1.3 The net.core.somaxconn
parameter of pods/containers#
As shown in the above spec, somaxconn
is just one of those “unsafe sysctls” parameters in Kubernetes.
What is this parameter used for? According to kernel Documentation/networking/ip-sysctl.txt,
somaxconn - INTEGER
Limit of socket listen() backlog, known in userspace as SOMAXCONN.
Defaults to 4096. (Was 128 before linux-5.4)
See also tcp_max_syn_backlog for additional tuning for TCP sockets.
For server side applications, if this parameter is too small, such as 128
traditionally, new TCP connecting requests from clients may be rejected on encountering ingress requests bursts.
Refer to Cloudflare’s wonderful post [3] for more information.
1.4 Problem statement#
With all the above introductions, we can now describe the problem that we’re going to talk about: if you’re running a Kubernetes cluster, you may have noticed that when somaxconn
is not specified in Pod specs, some pods will have a value of 128
, while some others may have a value of 4096
, and it seems these values are not inherited from the corresponding node’s settings, as a node may have a somaxconn setting of 128, 1024, 2048, 4096, etc (but pods on the same host have the same default value).
So our question is: if net.core.somaxconn
is not specified in Pod spec,
What the parameter will be initialized for the pod?
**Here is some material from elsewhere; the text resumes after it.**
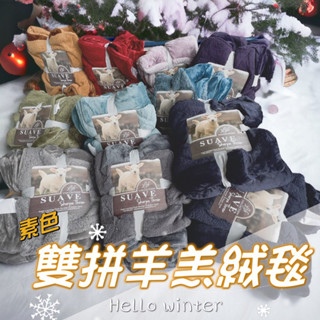 【松果家居】素色雙拼羊羔絨毯(法蘭絨+羊羔絨)毛毯 空調毯 露營毯 沙發毯 秋冬必備 交換禮物首選 ✨現貨✨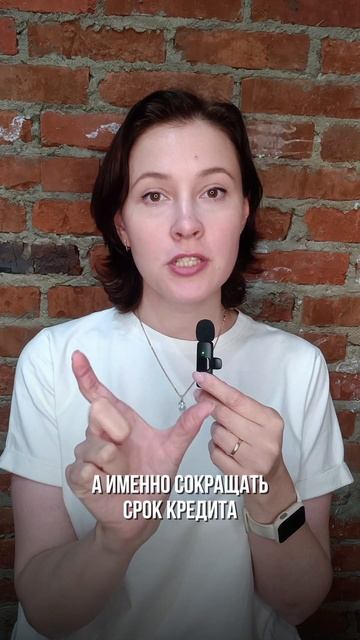 Что бы вы делали с ипотекой на 30 лет? #кредит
And,
Who (kubelet, dockerd, containerd, runc, …) will be in responsible for the initialization?
By looking at the source code from kubelet all the way down to runc, we didn’t find any place that initiated the parameter explicitly: all they do is just passing this parameter to the down stream component if it were provided, and do nothing if the parameter is missing - meaning that the parameter is opaque to them.
But to confirm this behavior, let’s get our hands dirty and do some testings along the journey.
2 Dig inside#
What we’ve already seen is that some pods will get their somaxconn set as 128, and some as 4096; to see clearly if this initial setting has any relationship with the host’s one, we set somaxconn=2048
for the hosts, which is different from the both; hence, if there is somewhere that inherits this value from the host, we can immediately recognize it.
Changing the system setting of the node (we’ll schedule pods to this node later):
(node1) $ sysctl -w net.core.somaxconn=2048
net.core.somaxconn = 2048
Check the effective value:
(node1) $ sysctl net.core.somaxconn=2048
net.core.somaxconn = 2048
(node1) $ cat /proc/sys/net/core/somaxconn
2048
Now we’re ready to start our journey.
2.1 kube-apiserver -> kubelet
#
As the very beginning of a pod creation action, Kubernetes validates the pod spec and passes it to kubelet to perform the real creation.
So the first thing we want to be sure is: will Kubernetes (kube-apiserver or kubelet) choose a default value for a Pod if the parameter is missing from the Pod’s spec?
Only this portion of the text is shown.